Have you ever overindulged in something good?  Maybe you ate too much food at a pot-luck (I hope you are preparing for the pot-luck on Palm Sunday, just after our choir musical at 10am in the Sanctuary).  Maybe you were out in the sun too long  (a painful experience).  You know what I mean.  We can get too much of a good thing!

Hosea's message to the Northern Kingdom of Israel is, "don't be distracted by the façade of prosperity."  The economy seems to be doing good.  The political situation seems to be stable.  But, Hosea tells the leaders, this is the calm before the storm!  In Chapter 8:7, Hosea says, "They sow the wind and reap the whirlwind."  What does he mean?
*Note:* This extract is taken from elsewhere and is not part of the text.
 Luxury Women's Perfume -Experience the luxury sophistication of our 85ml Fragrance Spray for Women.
Here are a few thoughts!  First, the wind.  The Hebrew word here is Ruach.  It is the word for wind but it also means "air for breathing, "the wind of God's Spirit," and "air placed in motion by divine breath."  In English we think of the wind blowing through our hair, a breeze on a summer day or trees swaying as they are moved by the wind.  Wind can be pleasing and beautiful, and it is literally a breath of fresh air on an August day in Alabama.  But generally, wind in the Old Testament is predictive of something moved by God, put in motion by divine breath.  Hosea's message is, "you are rolling along in prosperity and peace, blind to the bigger picture that you have ignored God, ignored what is happening outside Israel and ignored God's law."
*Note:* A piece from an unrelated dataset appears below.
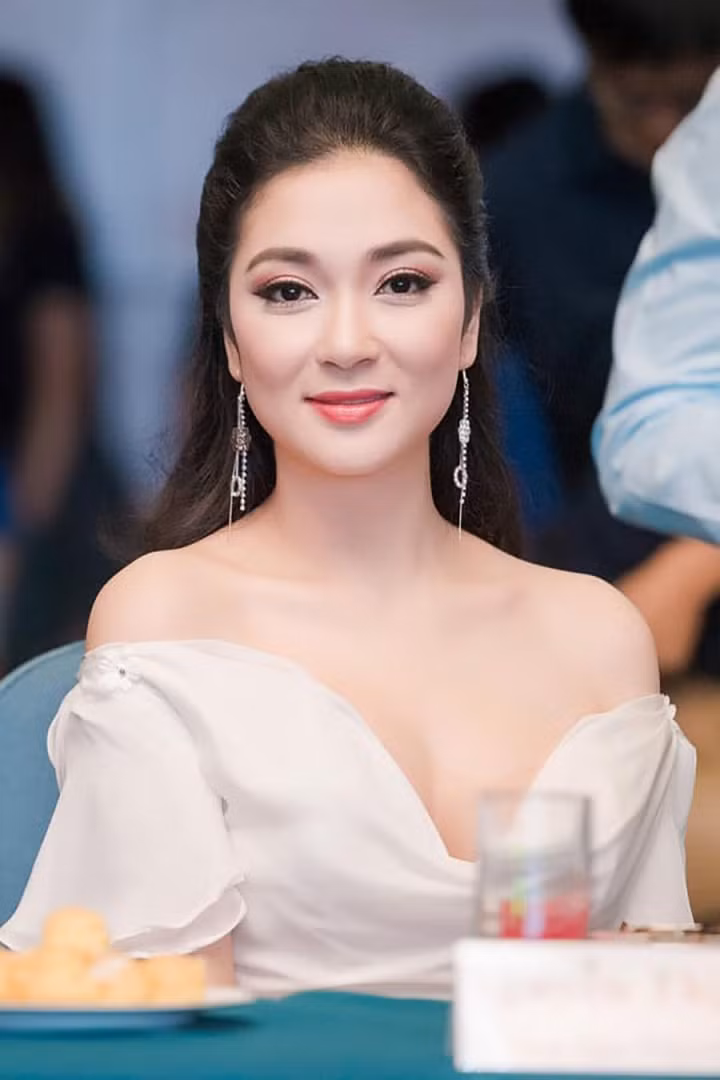 Biet thu ngap cay trai cua “Hoa hau bi an nhat Viet Nam“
Second, the façade.  Last night the Oscars were awarded.  Lavishly dressed people, placed on a pedestal by some of us, went to an annual party where they hype old and new movies as being a bit more than they actually are.  One segment even honored the Godfather series as, "promoting family, loyalty, success and power," values the presenter seemed to believe we should all aspire to.  If you remember the movies, they were about organized crime, greed, revenge and the pursuit of control.  The dark underbelly of the lifestyles displayed reaped darkness, chaos and death.  They are not virtues to be sought, but pitfalls to be avoided.  Like Hosea's Israel, they sowed the wind, but reaped the whirlwind.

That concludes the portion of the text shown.